Alleged plot to murder Irvin surfaced during police corruption probe

By Associated Press
(July 5, 1996)

DALLAS (AP) - An officer accused of making a down-payment to have Cowboys star Michael Irvin killed turned first to a man trusted by several officers who were under investigation for police corruption.

The Dallas Morning News reported in a copyright story Thursday that the man was an informant who tipped off police about the incident and put officer Johnnie Hernandez in touch with the "hit man," an undercover Drug Enforcement Administration agent.

Sources told the newspaper that the corruption investigation was being made into allegations that several police officers were suspected of providing protection for cocaine dealers.

The DEA and Dallas police began investigating the allegations months before the March 4 incident at an Irving hotel that led to drug charges against Irvin. Police say the investigation is continuing.
Frank Perez, Hernandez's attorney, said he doesn't know about the police corruption investigation or his client's possible involvement.
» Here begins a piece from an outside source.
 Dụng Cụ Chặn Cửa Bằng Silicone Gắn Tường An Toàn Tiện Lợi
"I don't know anything about that," Perez said. "As far as I know, they told me no other officers were being investigated. I just can't believe that's accurate."
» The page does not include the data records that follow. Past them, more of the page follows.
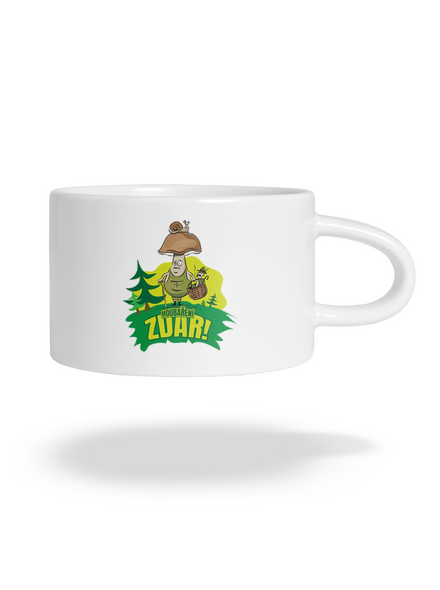 Houbaření zdar hrnek makronka White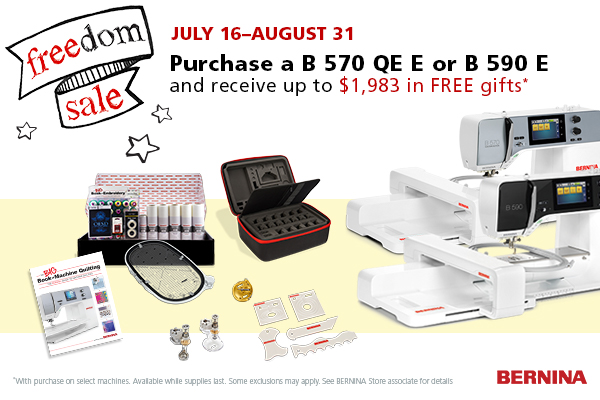 Bernina Freedom Sale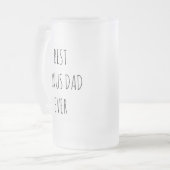 Bester Bonus-Vater je Mattglas Bierglas (Vorderseite Links)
Police allege Hernandez paid the "hit man" about 10 percent of a $30,000 contract to have the Cowboys wide receiver killed. He resigned after his arrest last Thursday and remains jailed on a charge of solicitation of capital murder and an unrelated bribery charge.

Sources say Hernandez wanted to kill Irvin because the football player had threatened his girlfriend, Rachelle Marie Smith, a topless dancer who is to testify against Irvin in the trial. Hernandez is also a potential witness.
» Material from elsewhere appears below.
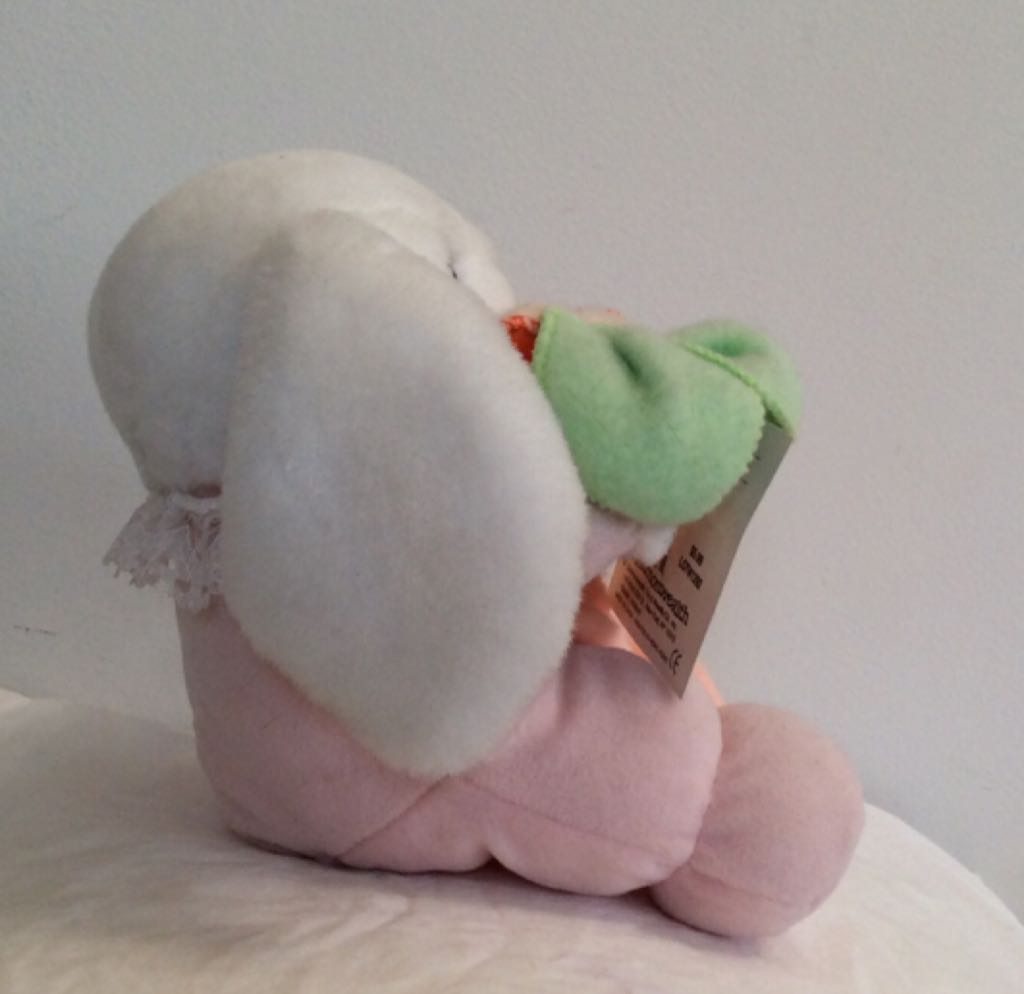 Easter Baby Bunny W/Carrot Blanket  plush collectible [Barcode 022286411660] - Main Image 2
A gag order issued by a Dallas judge has barred anyone involved in the trial from discussing any issues surrounding the case, including Hernandez's motive.

None of the officers or other people under investigation include Dallas Cowboys players, topless dancers or others involved in the Irvin drug case, sources said.

Executive Assistant Chief Willard Rollins, who oversees the Dallas Police Department's public integrity unit, confirmed Wednesday that the arrest came about during an investigation into possible police misconduct.

Rollins declined to comment on specifics of the allegations, saying the investigation is not over.
The murder-for-hire plot "fell in our laps," Chief Rollins said. "And we acted on the information."
Rollins said Hernandez's arrest has damaged but not halted the other investigation.

"We're still continuing to investigate here," he said. "If we develop any information that anyone has violated the law, we will take action."

Rollins stressed that authorities have not uncovered a widespread criminal conspiracy involving the Dallas department.

Aside from Hernandez, he said, "we have no criminal charges against any member of the department" in connection to the misconduct investigation.

Sources said few details of the inquiry were disclosed because authorities still hope to salvage it despite the damage done by the arrest of Hernandez.

Sources said the alleged corruption took a variety of forms, including the possibility that officers took cash from drug dealers.

Hernandez was not initially a target of the investigation but had been associating with the officers and others who were, sources said.

The investigation has targeted about half a dozen officers and an assortment of their acquaintances, including known drug traffickers and other criminals, the sources said. Police Department policy forbids officers to consort with known lawbreakers.

Hernandez is being held at the Lew Sterrett Justice Center in lieu of $252,000 bail.